How the transformer works, from the high-level breakthrough to the mechanics of attention, QKV, multi-head processing, and positional information.
Why the Transformer Was a Major Breakthrough
What Changed
Before transformers, sequence models like RNNs and LSTMs processed tokens step by step. Token 50 had to wait for tokens 1-49 to be processed first. This created two problems:
- Training was slow — sequential processing could not fully exploit modern GPU parallelism.
- Long-range dependencies were hard — information had to survive being passed through many sequential steps, leading to vanishing gradients and forgetfulness.
The Transformer Solution
The transformer (Vaswani et al., 2017) replaced recurrence entirely with Topic 2: self-attention, allowing every token to directly attend to every other token in the sequence.

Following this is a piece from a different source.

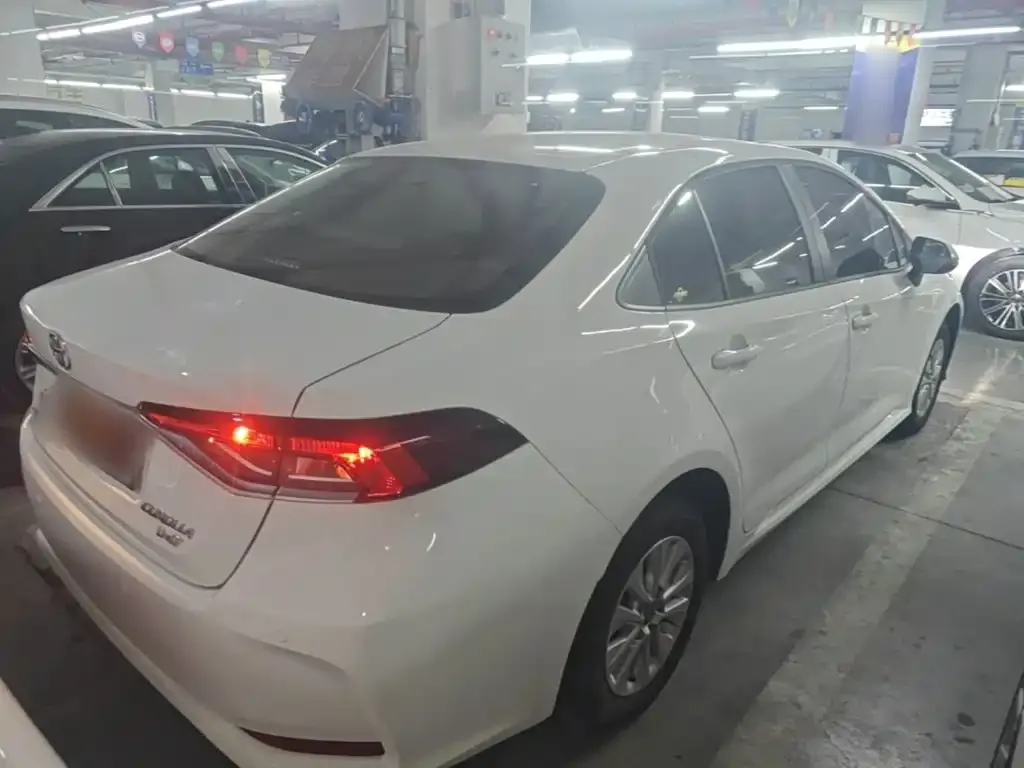 Toyota Corolla — фото 10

This meant:
- Parallelism: All tokens can be processed simultaneously during training, mapping efficiently to GPU hardware.
- Direct connections: Token 50 can directly "look at" token 1 without information passing through 49 intermediate steps.

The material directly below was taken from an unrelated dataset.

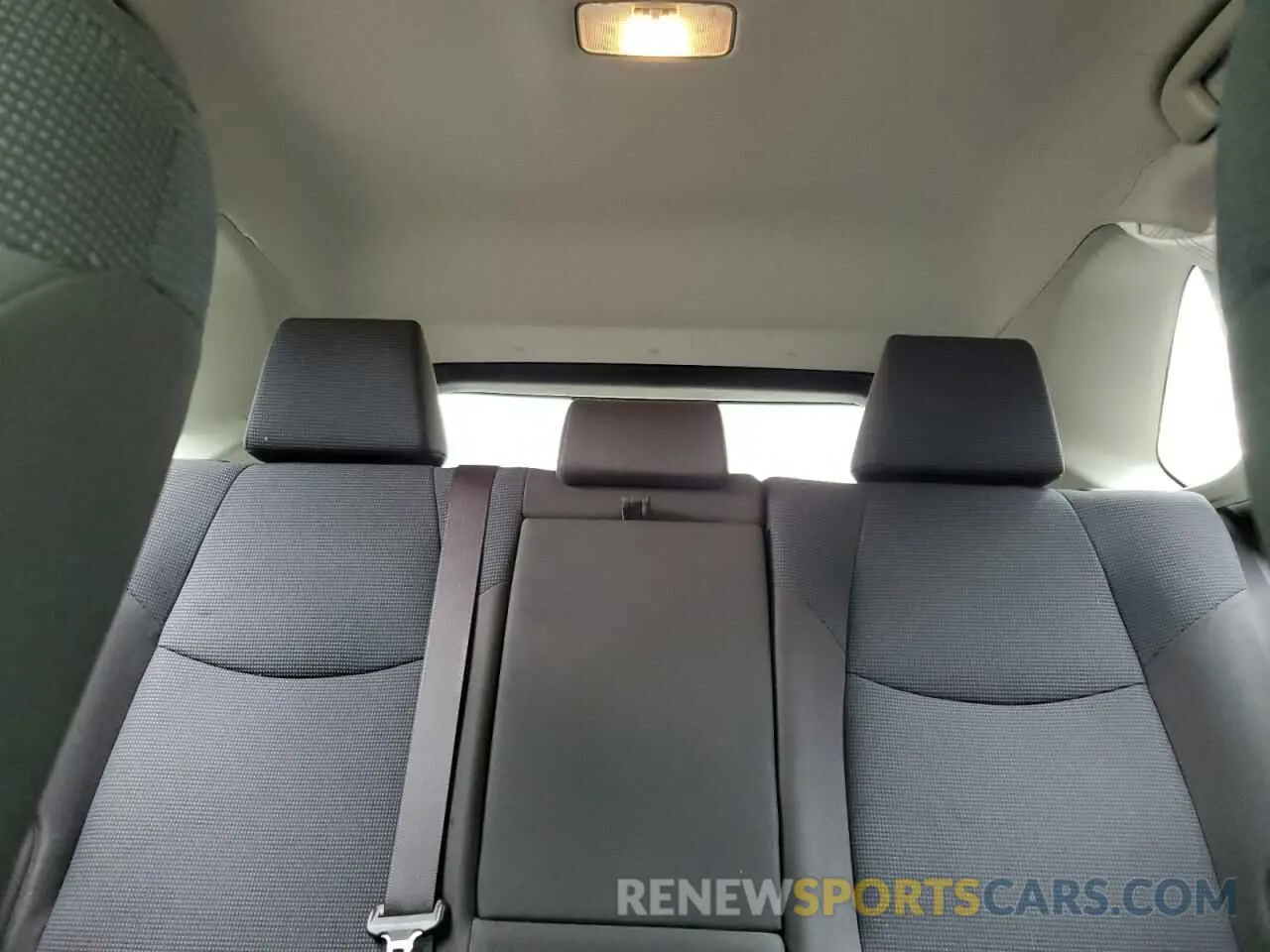 10 Photograph of a damaged car JTMF1RFVXKJ010725 TOYOTA RAV4 2019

- Scalability: The architecture scales to billions of parameters and billions of training tokens.
Interview Signal
Do not answer only "because of attention." The strongest answer is that the architecture scaled better, trained faster on modern accelerators, and generalized into the foundation of current LLMs. The breakthrough was both algorithmic (attention) and operational (parallelism).
Python Example
# Conceptual comparison: RNN vs Transformer processing
# RNN: sequential — each step depends on the previous
def rnn_process(tokens, hidden_state):
"""Process tokens one at a time, sequentially."""
outputs = []
for token in tokens:
hidden_state = update(hidden_state, token) # can't parallelize
outputs.append(hidden_state)
return outputs # O(n) sequential steps
# Transformer: parallel — all tokens processed at once
def transformer_process(tokens):
"""Process all tokens simultaneously via attention."""
# All-to-all attention computed in one matrix operation
scores = tokens @ tokens.T # every token attends to every other
weights = softmax(scores)
output = weights @ tokens # parallel, GPU-friendly
return output # O(1) parallel steps (O(n^2) compute)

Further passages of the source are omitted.